Poetry is not my cup of tea. I always believe the hustle and bustle associated with this era of globalization leaves little time or inspiration for such writing.
After all, Poetry 101 says the genre demands careful word choices from a large vocabulary, intricate structures, meanings and rhythmic devices.
During the recent Qinghai International Poetry Festival, established Chinese poets mulled the question of whether contemporary Chinese poetry would continue to decline or revive at a time when the Internet and virtual world rule the day.
But I am wrong. A group of new poets have emerged from among the migrant workers away from their rural homes in urban centers.

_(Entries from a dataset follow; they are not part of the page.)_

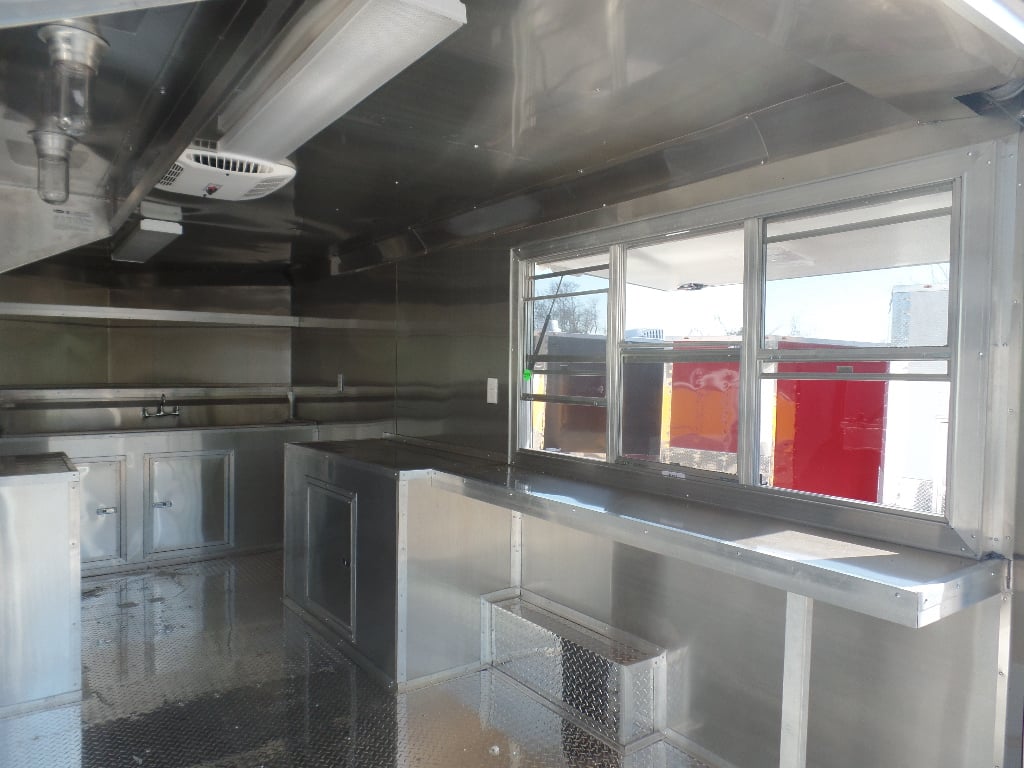 8.5' x 17' Concession Food Catering Event Trailer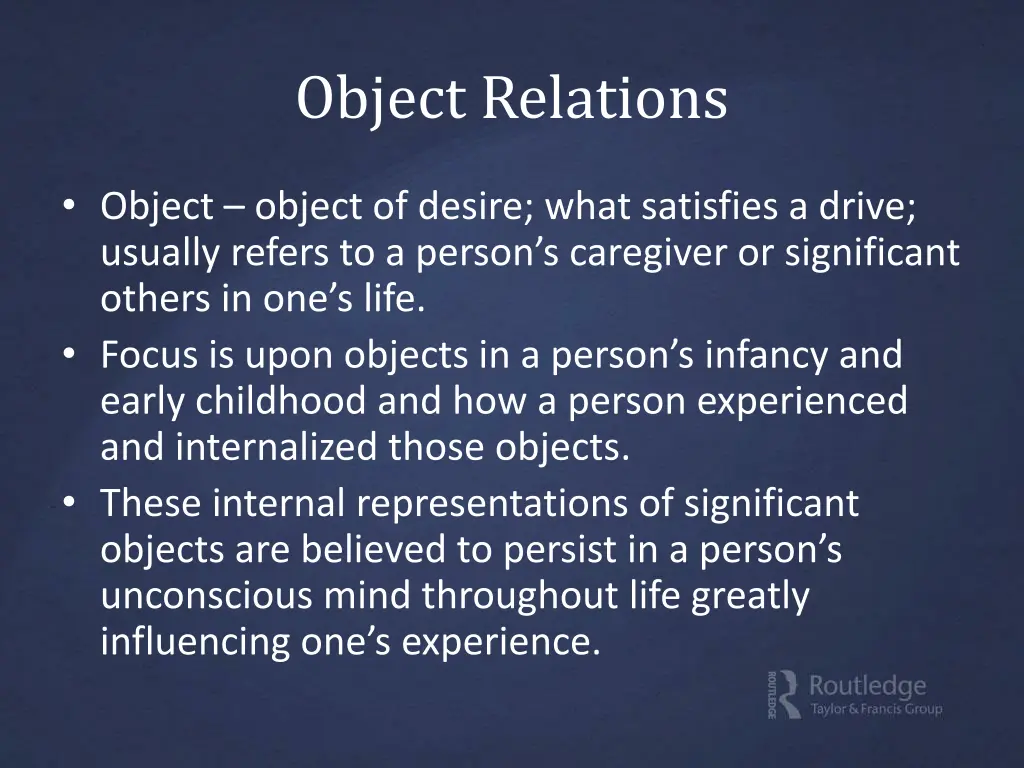 object relations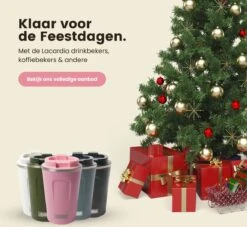 LaCardia Koffiebeker To Go Premium Zwart – Thermosbeker – Theebeker – 380ML – Herbruikbaar -Keukengerei Verkoop 1200x1102 3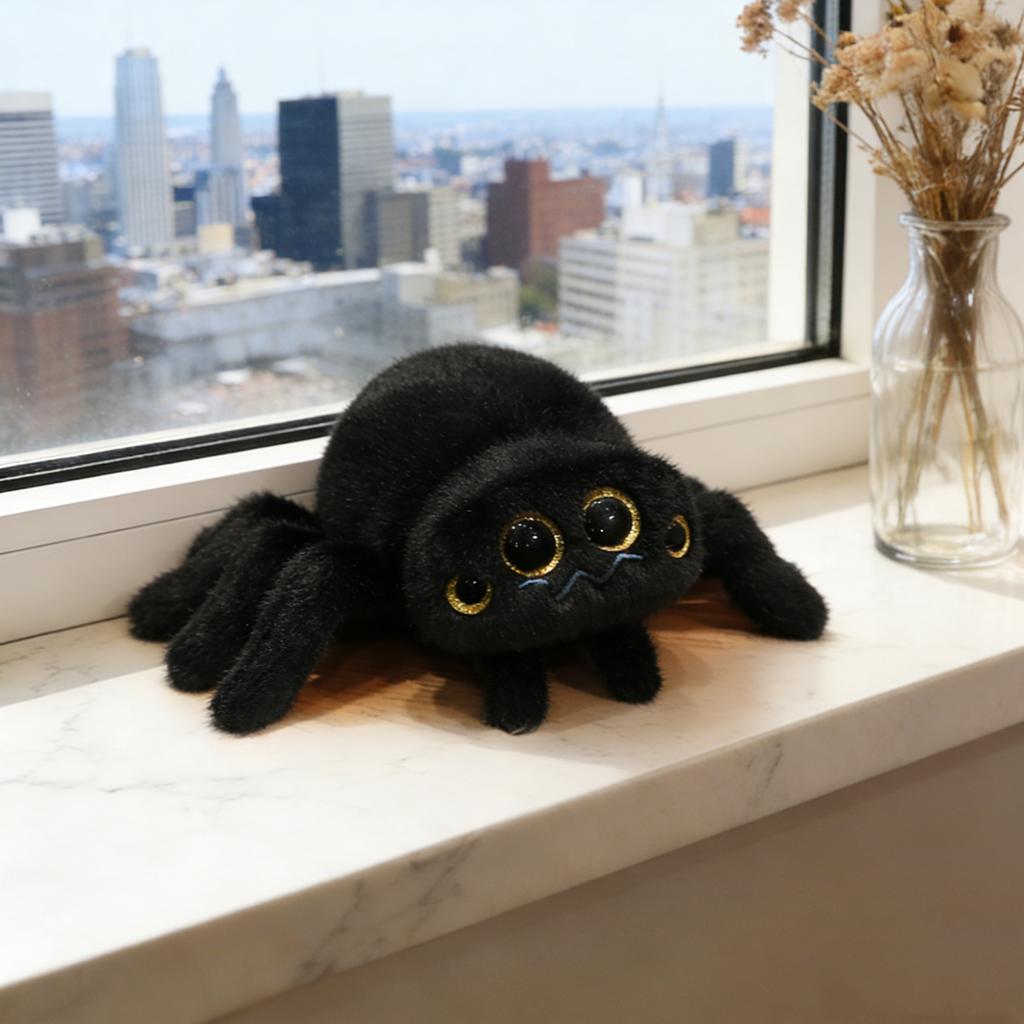 Peluche Ragno Morbido Mascotte Mostro Ragno Bambola Insetto Anime Giocattoli Ripieni Animale Emozionale Decorazione Cuscino Bambino Ragazze Regalo di Compleanno
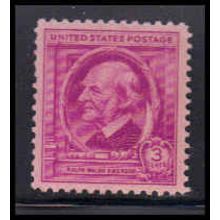 861 3c Ralph Emerson Fine Plus MNH KA2314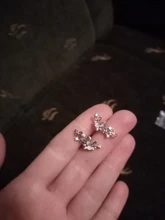 XIYANIKE-pendientes de circón con lazo para mujer, de Plata de Ley 925, moda coreana, gran oferta, VES6613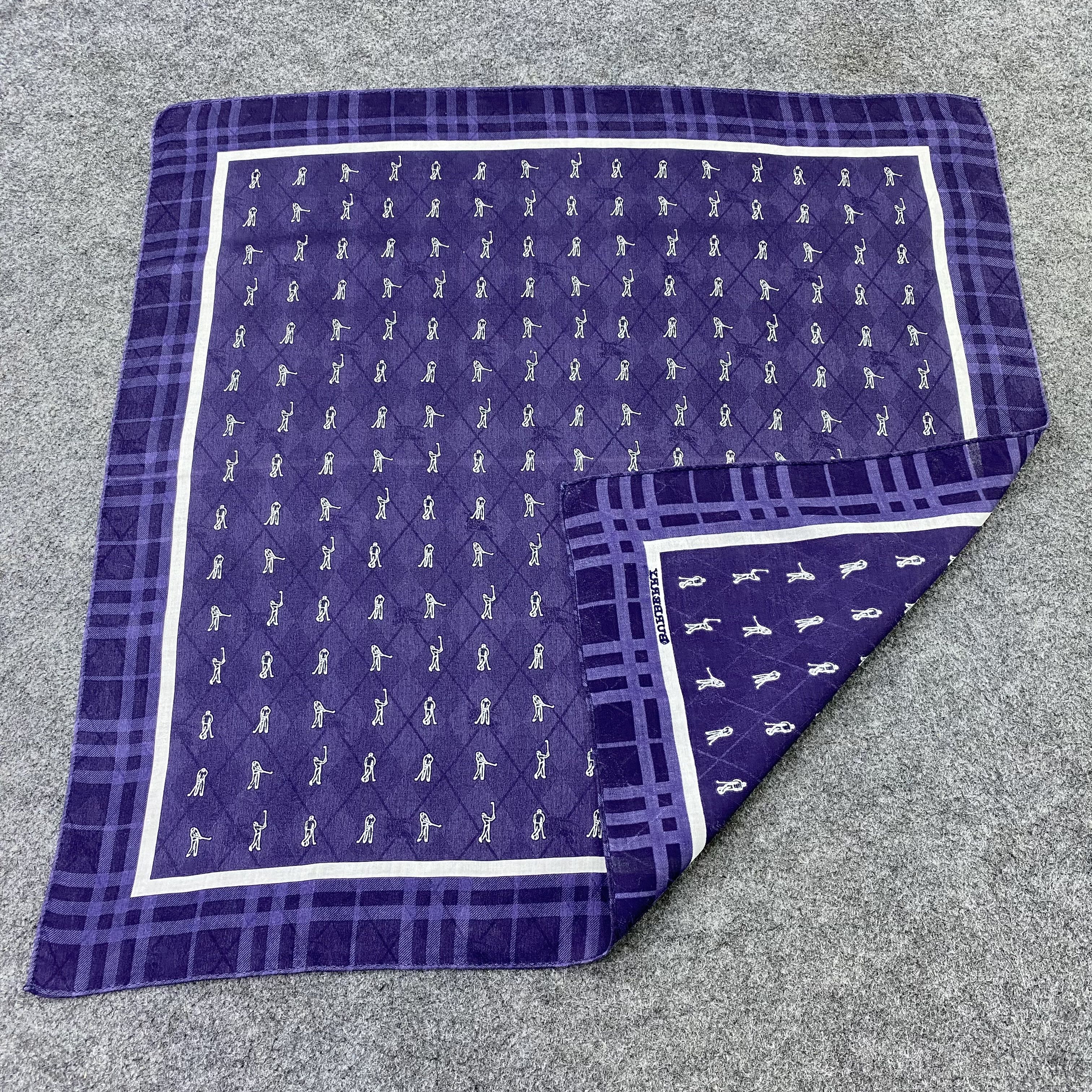 Burberry × Vintage Burberry Handkerchief / Bandana / Neckerchief-B1524 Size ONE SIZE - 6 Thumbnail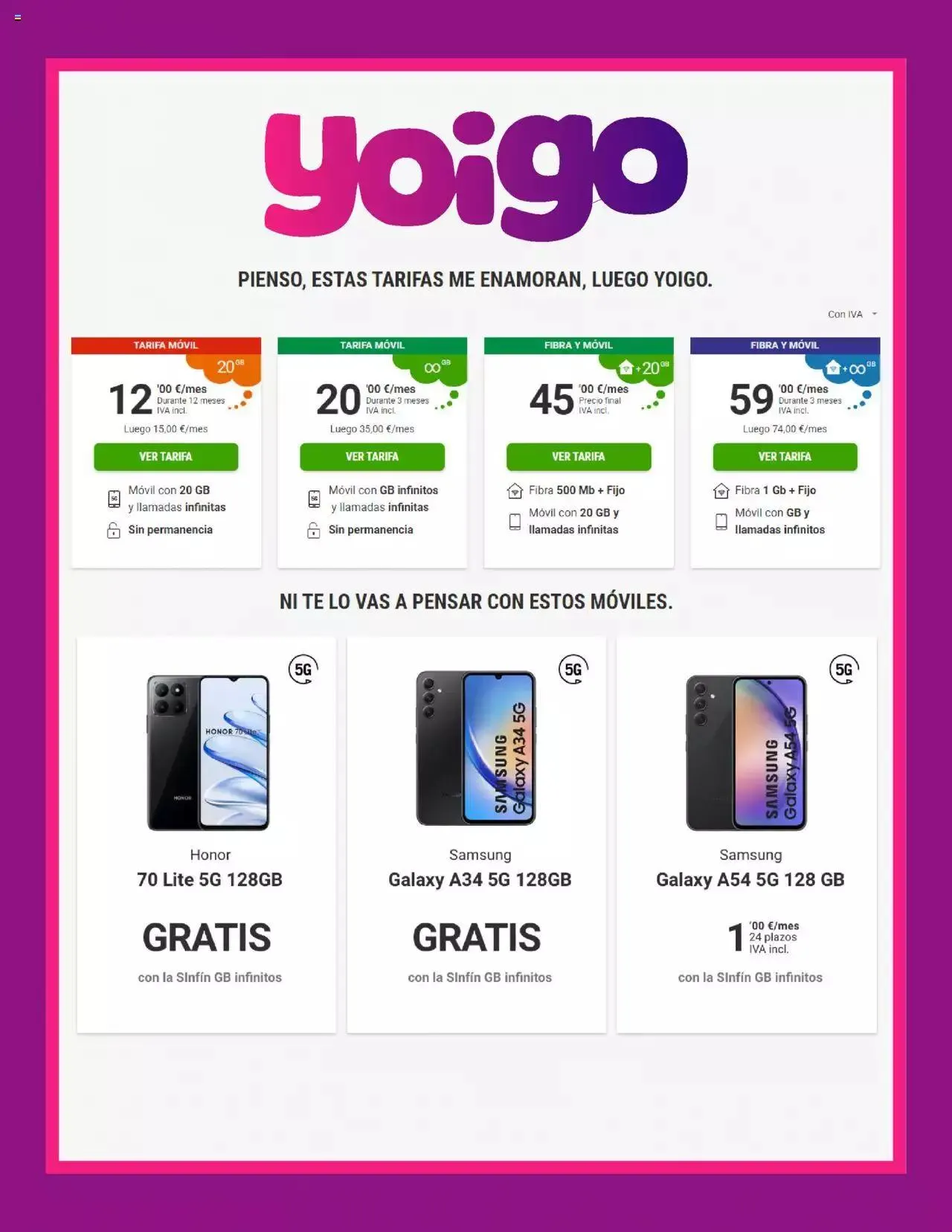 Catálogo de Yoigo ofertas 18 de agosto al 31 de diciembre 2023 - Página 2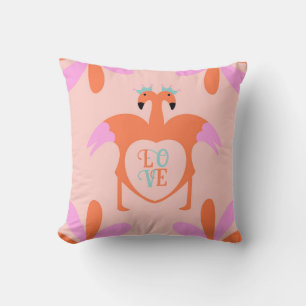 Personalised Flamingo Love Cushion
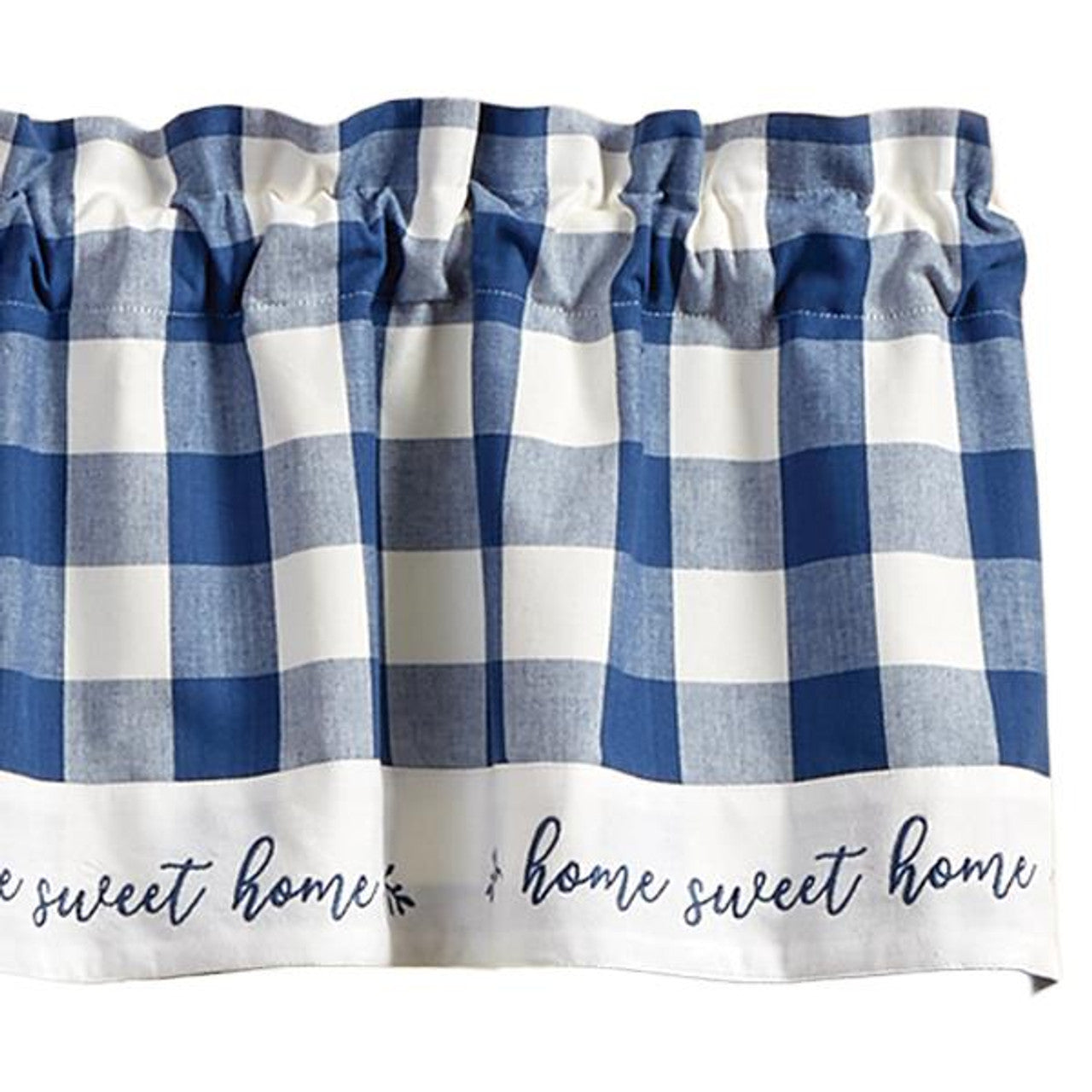 Wicklow Check Home Valance China Blue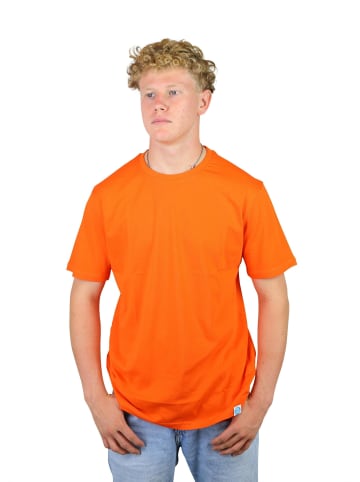 FuPer Baumwollshirt Karl in Orange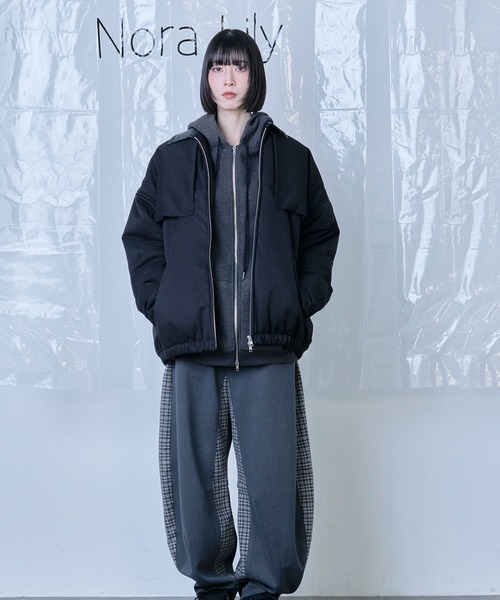 セール】【Nora Lily】Flghit Paffar JKT（ブルゾン）｜Nora Lily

Just as American Modernist poet Wallace Stevens said, "poetry is the statement of a relation between a man and the world", their works give full expression to their hard labor in workshops or construction sites, their aspirations and disappointments, their naivety and learning.
It is hard to forget their verses, not because the life they depict is rather shocking:
From Sichuan to Guangdong/I am only an itinerant.
Encircled among assembly lines
Their teeth leave their marks in the hands, on the body and into the bones
But because no matter how many bodily and mental scars their life and work in urban centers have left on them, as Zheng Xiaoqiong in her poem describes, they still do not belong.
What amazes me is the true life stories of some of the poets, such as Zheng, who now works as a sales clerk in a factory making metal tools. She won a literary prize last year from China's top literary magazine, People's Literature.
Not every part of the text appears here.